11. September 2009, noch 16 Tage bis zur Bundestagswahl. Die SPD liegt 13 Prozentpunkte hinter der Union.

Zwischendrin waren 14 Landtagswahlen – in 7 von diesen konnte die SPD ihren Stimmenanteil erhöhen, in 7 verlor sie. An derzeit 7 Landesregierungen ist sie beteiligt, was sich in Kürze auf 8 erhöhen könnte.

Diese Zahlen sind trotzdem Schönfärberei. In den vier Jahren hat sich in der politischen Landschaft viel geändert.

Auch ich habe mir gestern das Duell angeschaut und fand wie eine leichte Mehrheit Steinmeier etwas besser. Es sind heute noch 13 Tage bis zur Wahl, und da ich Ende der Woche verreise, muss ich mich in Kürze entscheiden. Das Duell gestern abend war hier eigentlich nur kontraproduktiv, denn dass ich Frau Merkel nicht wählen würde, war sowieso klar. Nur wählen wir Parteien, und ich frage mich immer noch, in welcher Wahl meine persönlichen Interessen am besten gespiegelt werden.

So sehr es mir gefallen hat, dass die SPD langsam zu ihrem ureigensten Thema, der sozialen Gerechtigkeit, zurückfindet, so schwer fällt es mir, irgendeine Situation nach der Wahl zu sehen, in der die SPD dies auch umsetzen kann. In der Frage, welche für mich in Frage kommende Wahl – SPD oder Grüne – dem Ziel der Schadensminimierung am nähesten kommt, bin ich nicht viel weiter.

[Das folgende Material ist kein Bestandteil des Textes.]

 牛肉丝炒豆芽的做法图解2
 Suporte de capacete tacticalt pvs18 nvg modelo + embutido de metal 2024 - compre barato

Nun also der Versuch, das ganze mal koalitionsstrategisch zu sehen. Folgende Koalitionsszenarien sind realistisch:

  • Schwarz-Gelb: die denkbar schlechteste Variante für das Land, wenn ein wieder erstarkter konservativer CDU-Flügel auf eine in permanenter Steuersenkungsmanie befindliche FDP trifft. Gut für die SPD ist das nur, weil sie sich in der Opposition wieder finden und den Grundstein für eine eventuelle spätere rot-rot-grüne Koalition legen kann. Dennoch: Land geht vor Partei, und so gilt es, dieses Szenario zu verhinden – in der Hinsicht ist es aber vollkommen egal, ob man SPD oder Grüne wählt.
  • Schwarz-Gelb-Grün: Relativ unwahrscheinlich, und es bleibt auch fraglich, ob die Grünen als Korrektiv diese Koalition in erträgliche Bahnen lenken können. Auf der anderen Seite bestünde die Opposition dann nur noch aus SPD und Linken, was bei beiden eine entsprechende Ausrichtung bewirken könnte. Insofern als eine Überbrückung eine Option – um das zu erreichen, müsste man Grüne wählen.
  • Schwarz-Rot: für mich das zweitschlimmste Szenario, denn nach 4 Jahren in dieser Konstellation ist die SPD am Boden und außer einem halbwegs erfolgreichen Krisenmanagement ist nicht viel herumgekommen. Bei einer Fortsetzung sind weder richtungsweisende Reformen noch eine Erholung der SPD zu erwarten. Auch ist fraglich, ob auf dieser Basis 2013 eine rot-rot-grüne Koalition möglich wird (und damit die einzige realistische Option für eine Mitte-Links-Politik). Also gilt es in erster Linie, diese Konstellation zu verhindern: also Grüne wählen. Sollte es jedoch dazu kommen, wäre es natürlich wünschenswert, dass die SPD einen möglichst großen Anteil hat. Auch würde eine vergleichsweise starke SPD die Möglichkeit haben, nach 2 Jahren die Koalition aufzukündigen und durch eine bis dahin vielleicht erfolgte Annäherung an die Linke die Möglichkeit haben, eine rot-rot-grüne Koalition zu bilden. Das Argument ist allerdings zweischneidig, denn gerade eine schwache SPD könnte versuchen, sich aus dem „Würgegriff“ einer starken Union zu lösen und versuchen, mit einer linken Mehrheit zu regieren. Auch hier ist also nicht klar, ob Grüne oder SPD die bessere Wahl ist.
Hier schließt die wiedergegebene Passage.